**Source material**:
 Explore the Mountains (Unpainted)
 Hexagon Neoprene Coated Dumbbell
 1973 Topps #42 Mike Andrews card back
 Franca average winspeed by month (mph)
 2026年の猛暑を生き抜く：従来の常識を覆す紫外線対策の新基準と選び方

**Work instruction**:
The full listing above should be repeated without omission.

**Solution for this exercise**:
 Explore the Mountains (Unpainted)
 Hexagon Neoprene Coated Dumbbell
 1973 Topps #42 Mike Andrews card back
 Franca average winspeed by month (mph)
 2026年の猛暑を生き抜く：従来の常識を覆す紫外線対策の新基準と選び方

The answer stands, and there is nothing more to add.